## What is needed
Your task is to copy the lines from the line containing "TOMMY HILFIGER GOLF" through the end of the listing below, both included, without any pictures.
(Available data Opens)
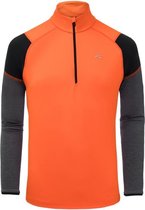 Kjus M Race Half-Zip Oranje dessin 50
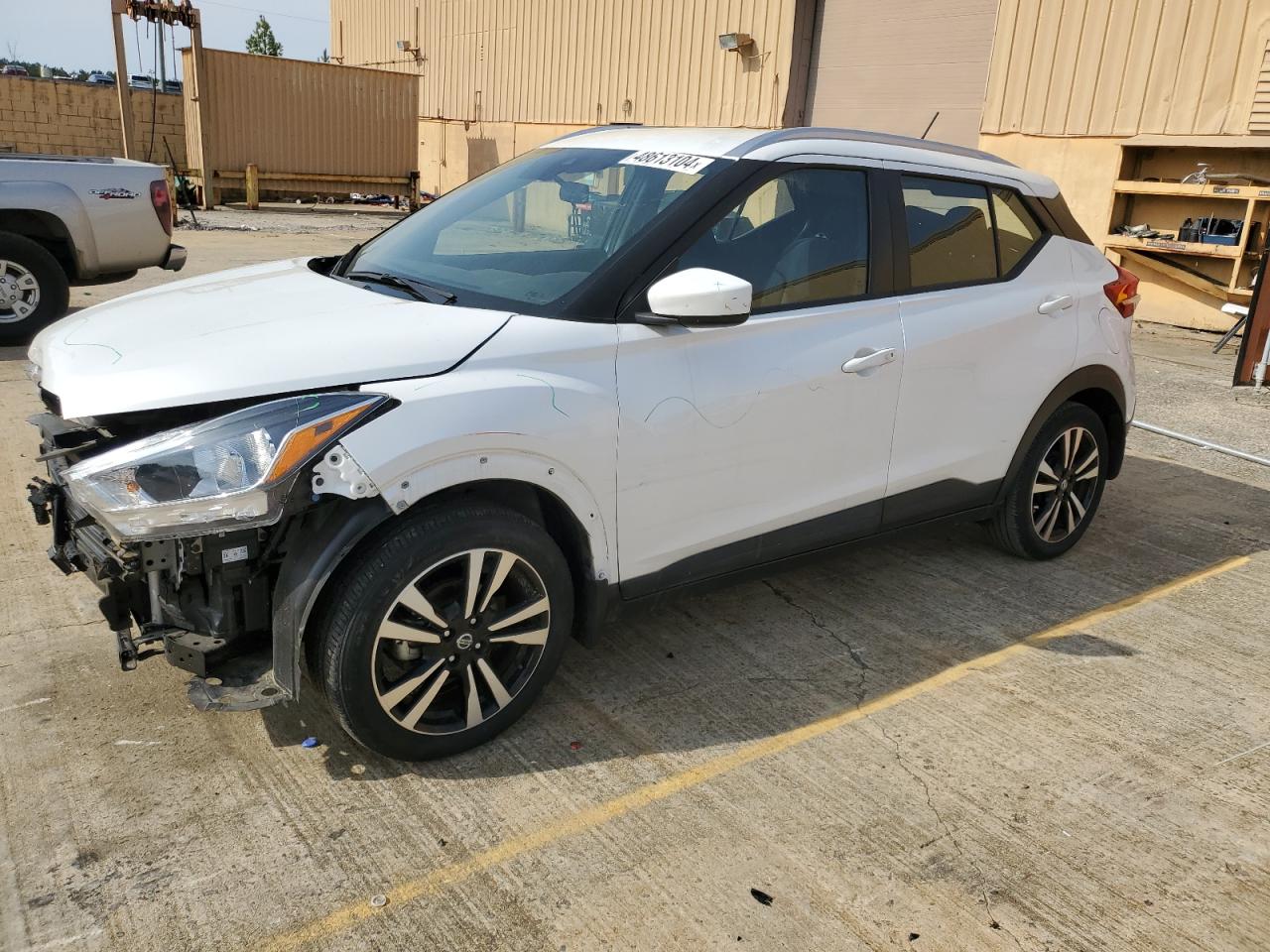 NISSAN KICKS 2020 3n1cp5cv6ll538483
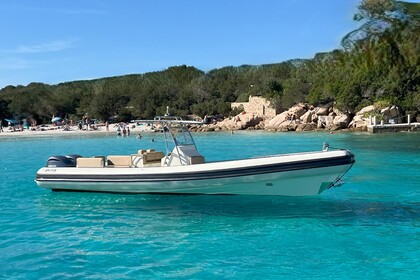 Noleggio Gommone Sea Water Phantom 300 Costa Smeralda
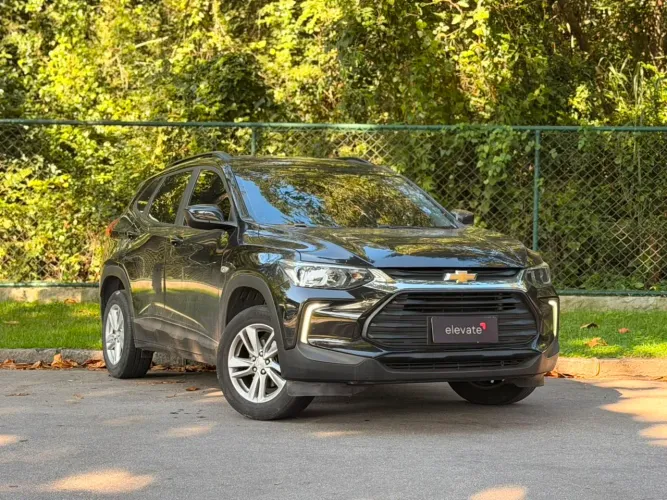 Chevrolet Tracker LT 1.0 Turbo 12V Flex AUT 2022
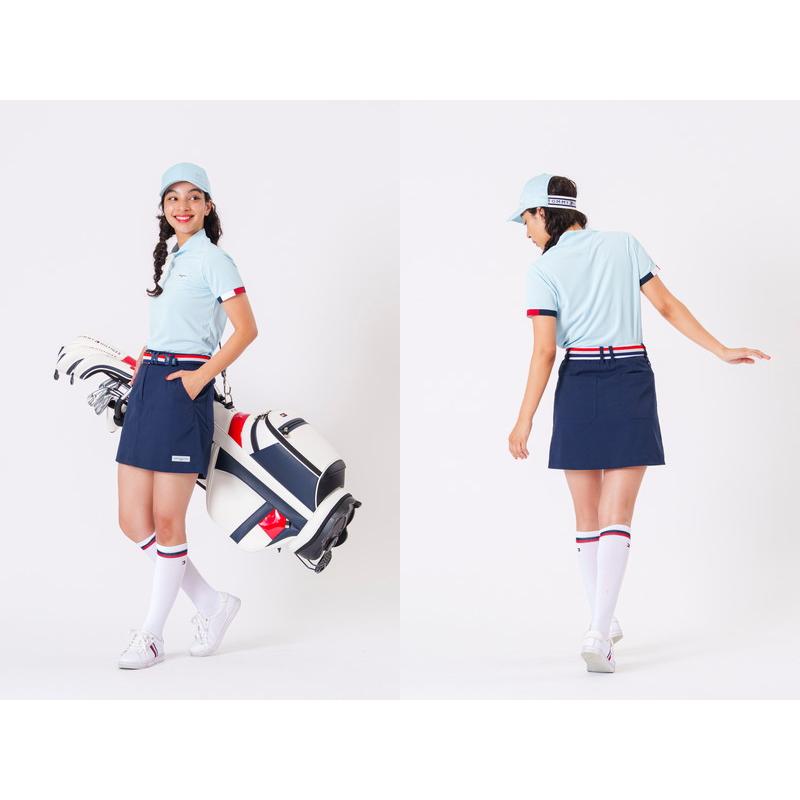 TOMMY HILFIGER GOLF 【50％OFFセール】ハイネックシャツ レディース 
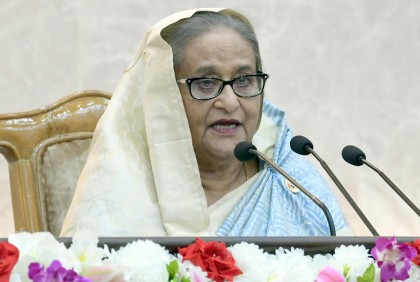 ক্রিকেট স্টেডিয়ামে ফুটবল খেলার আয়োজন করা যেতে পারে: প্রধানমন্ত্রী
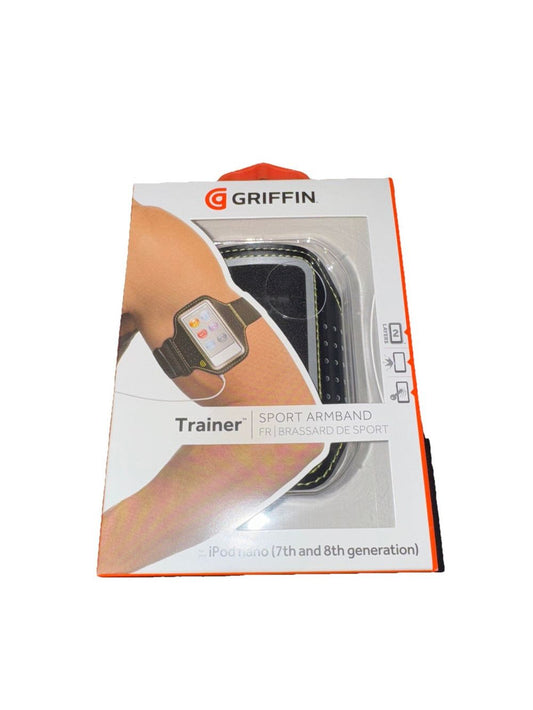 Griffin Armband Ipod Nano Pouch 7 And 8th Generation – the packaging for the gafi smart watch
(Available data Closes)
## Solution to this exercise
 TOMMY HILFIGER GOLF 【50％OFFセール】ハイネックシャツ レディース 
 ক্রিকেট স্টেডিয়ামে ফুটবল খেলার আয়োজন করা যেতে পারে: প্রধানমন্ত্রী
 Griffin Armband Ipod Nano Pouch 7 And 8th Generation – the packaging for the gafi smart watch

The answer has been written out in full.